• What you will do:
In this exercise, copy exactly the lines from the one that contains "florestaflores.com homepage screenshot" through the end of the entries below; pictures are not copied.

Input data START

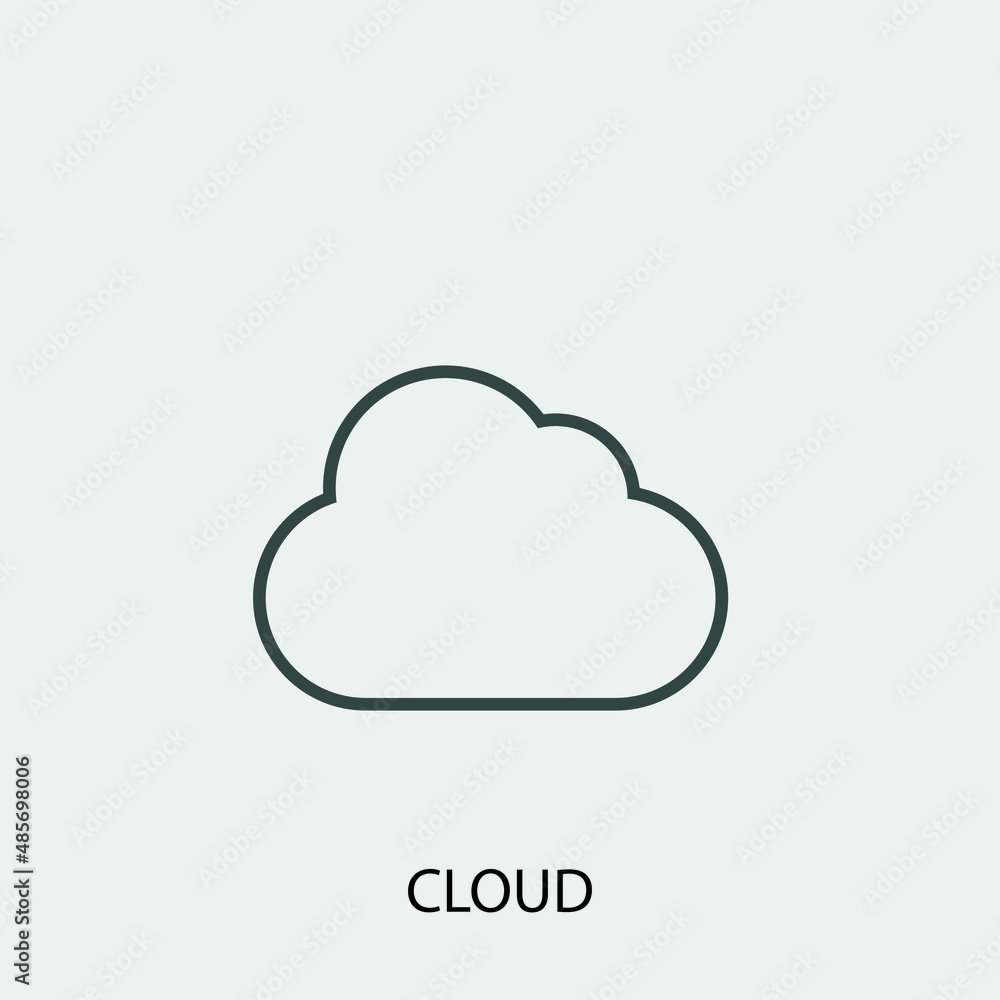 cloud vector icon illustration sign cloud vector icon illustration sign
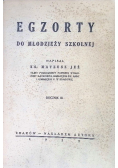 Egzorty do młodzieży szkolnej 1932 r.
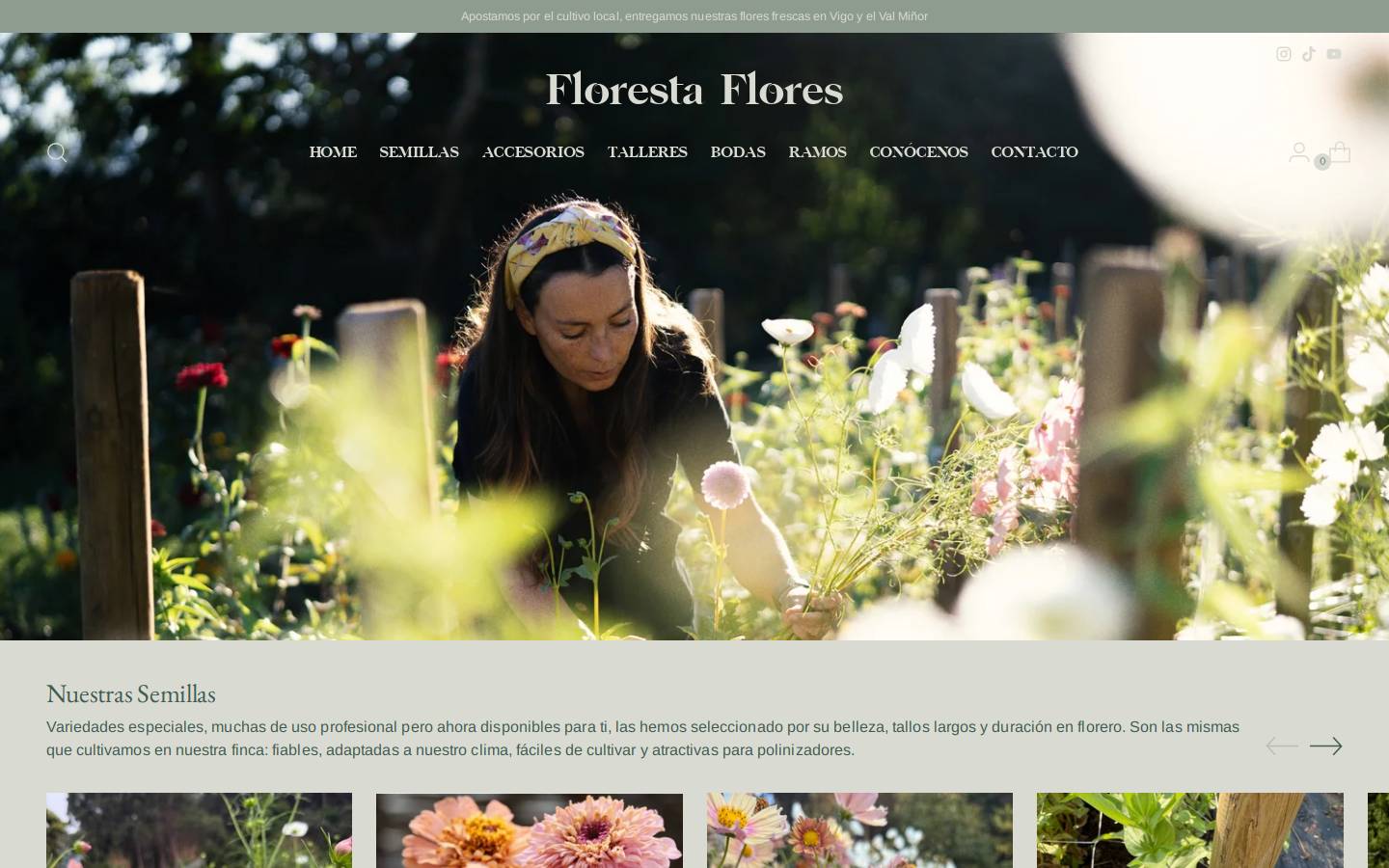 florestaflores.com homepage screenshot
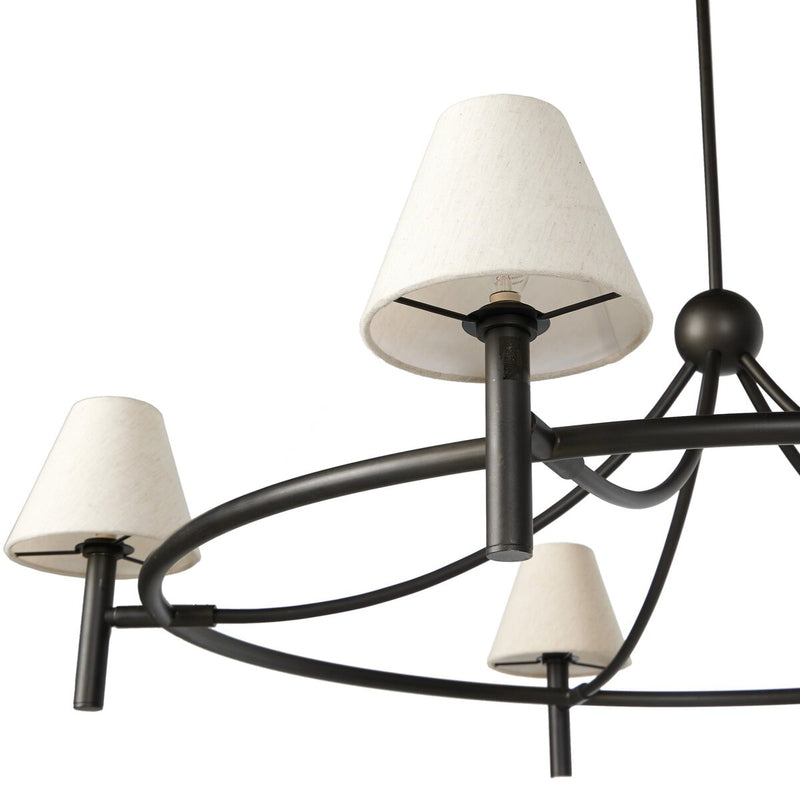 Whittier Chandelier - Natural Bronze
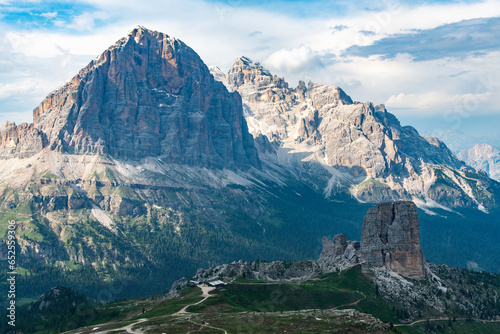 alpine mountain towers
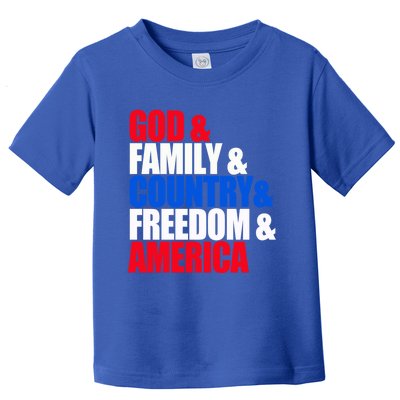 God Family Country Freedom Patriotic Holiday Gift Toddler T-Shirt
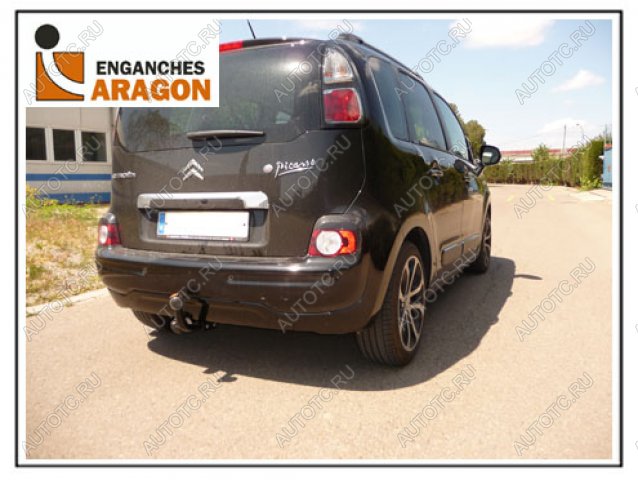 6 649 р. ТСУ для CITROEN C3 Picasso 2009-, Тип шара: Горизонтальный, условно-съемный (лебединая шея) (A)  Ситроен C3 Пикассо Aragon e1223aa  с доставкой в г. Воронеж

Input data END

• Expected output:
 florestaflores.com homepage screenshot
 Whittier Chandelier - Natural Bronze
 alpine mountain towers
 God Family Country Freedom Patriotic Holiday Gift Toddler T-Shirt
 6 649 р. ТСУ для CITROEN C3 Picasso 2009-, Тип шара: Горизонтальный, условно-съемный (лебединая шея) (A)  Ситроен C3 Пикассо Aragon e1223aa  с доставкой в г. Воронеж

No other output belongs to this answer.